What is needed is an exact reproduction of the lines from the one that contains "Travnatá zahrada s" through the end of the data, both included and nothing else, with pictures omitted.

> [Exercise data]
# # # # # # #
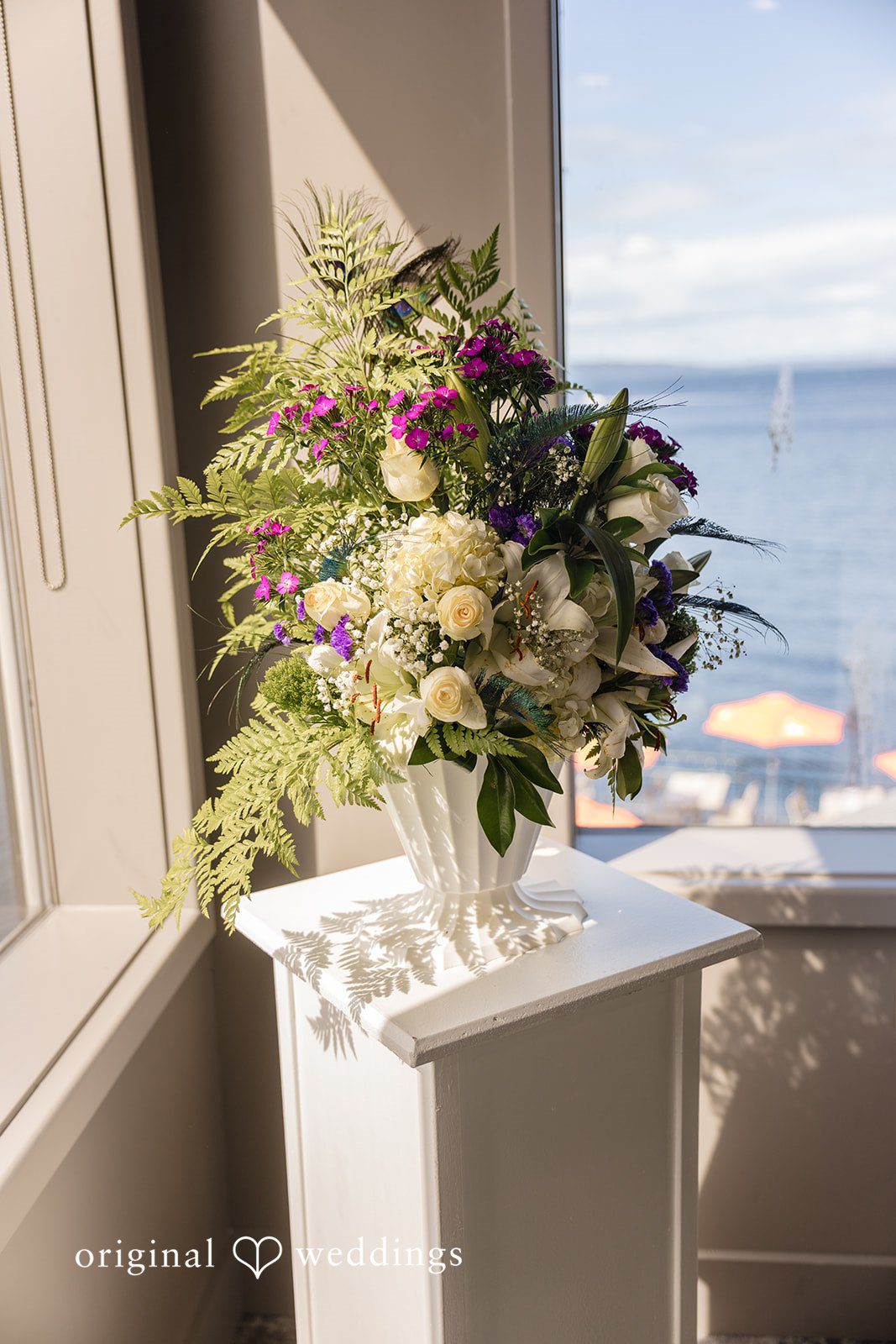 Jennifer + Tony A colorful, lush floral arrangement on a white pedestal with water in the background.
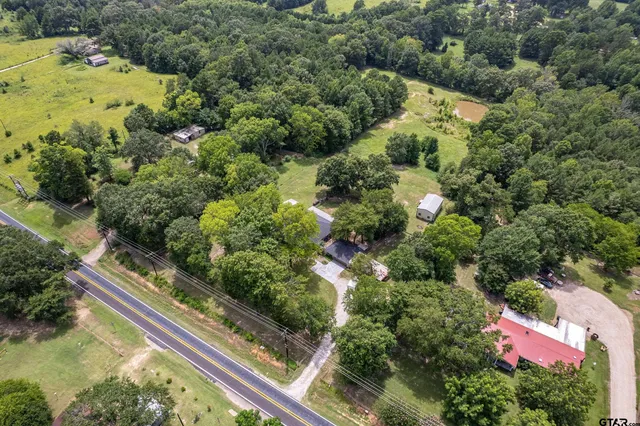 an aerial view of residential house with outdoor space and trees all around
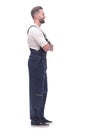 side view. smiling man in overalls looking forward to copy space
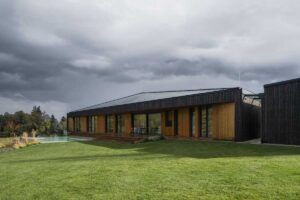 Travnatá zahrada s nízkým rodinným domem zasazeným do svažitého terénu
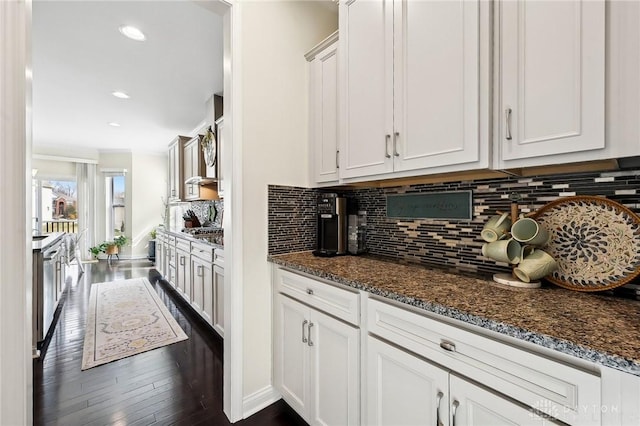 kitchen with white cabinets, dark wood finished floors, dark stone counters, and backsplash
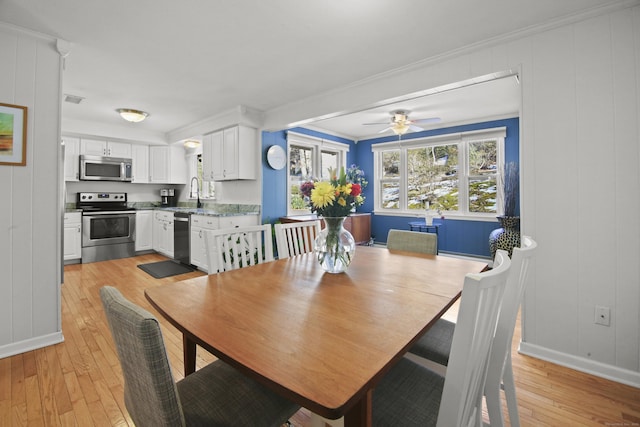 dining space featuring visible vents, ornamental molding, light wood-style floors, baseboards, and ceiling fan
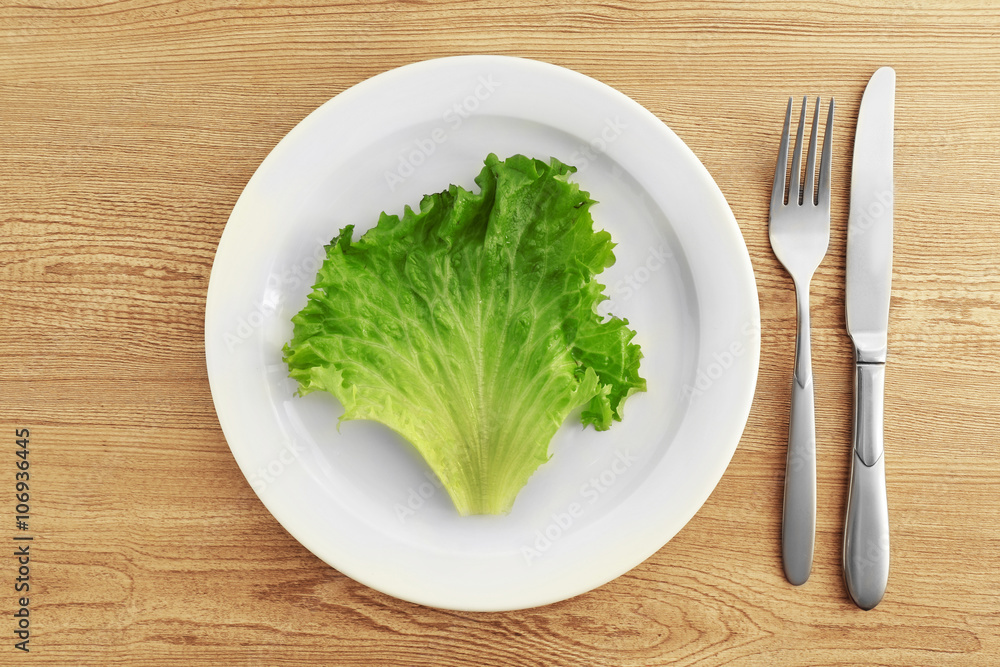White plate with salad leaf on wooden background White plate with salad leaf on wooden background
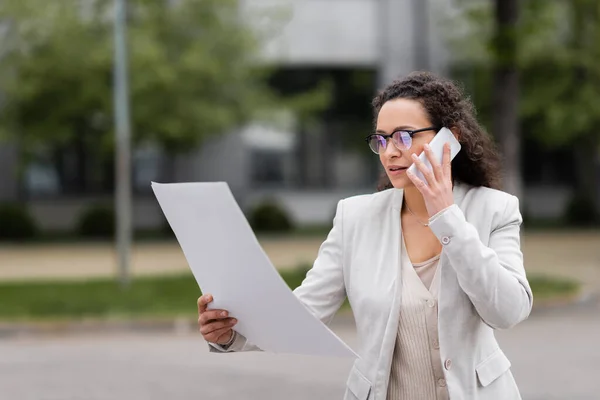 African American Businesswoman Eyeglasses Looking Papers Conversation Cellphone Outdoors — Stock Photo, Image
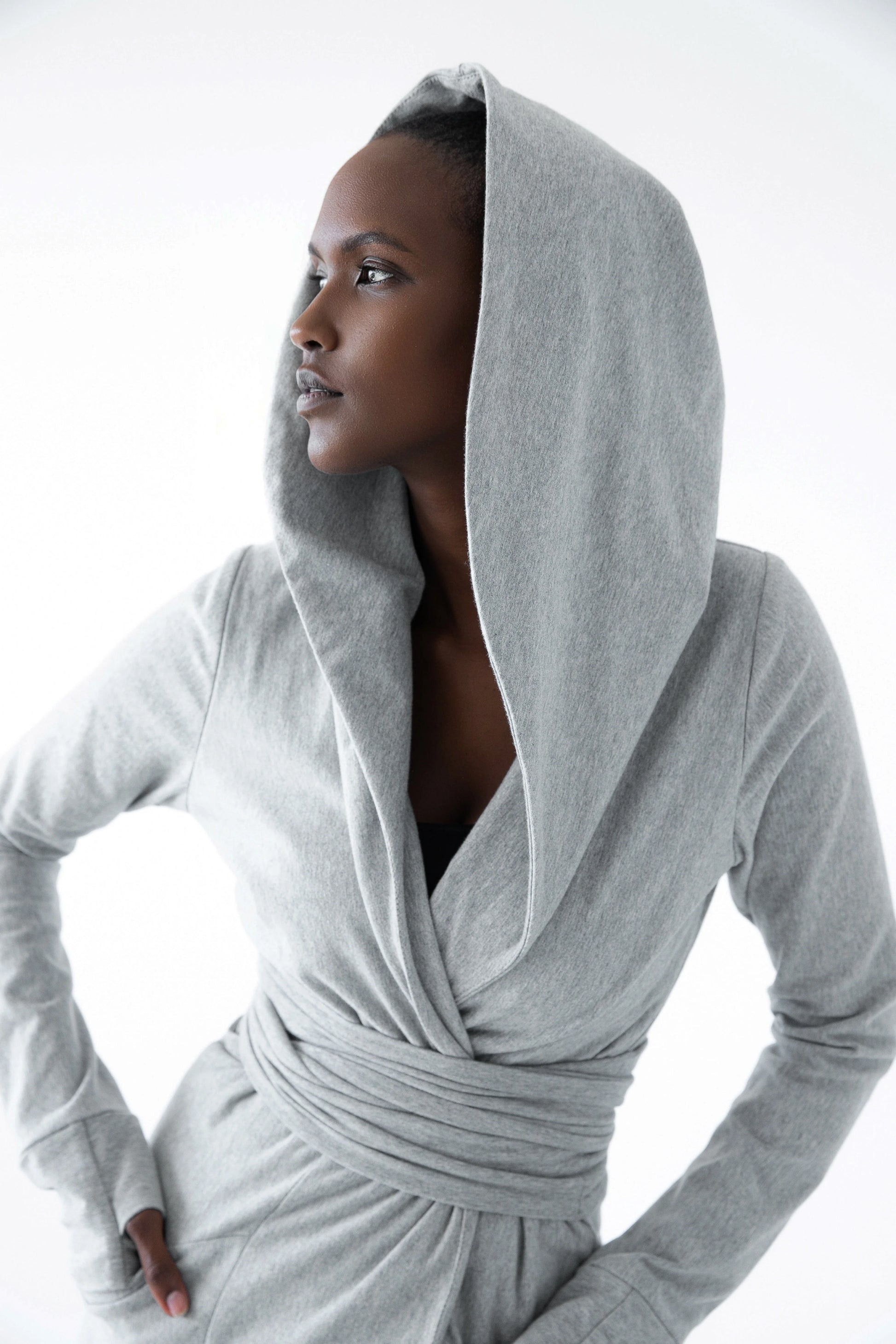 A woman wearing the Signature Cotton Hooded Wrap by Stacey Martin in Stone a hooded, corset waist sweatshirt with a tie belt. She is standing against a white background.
# # # # # # #
> [Answer section]
 Travnatá zahrada s nízkým rodinným domem zasazeným do svažitého terénu
 kitchen with white cabinets, dark wood finished floors, dark stone counters, and backsplash
 dining space featuring visible vents, ornamental molding, light wood-style floors, baseboards, and ceiling fan
White plate with salad leaf on wooden background White plate with salad leaf on wooden background
 African American Businesswoman Eyeglasses Looking Papers Conversation Cellphone Outdoors — Stock Photo, Image
 A woman wearing the Signature Cotton Hooded Wrap by Stacey Martin in Stone a hooded, corset waist sweatshirt with a tie belt. She is standing against a white background.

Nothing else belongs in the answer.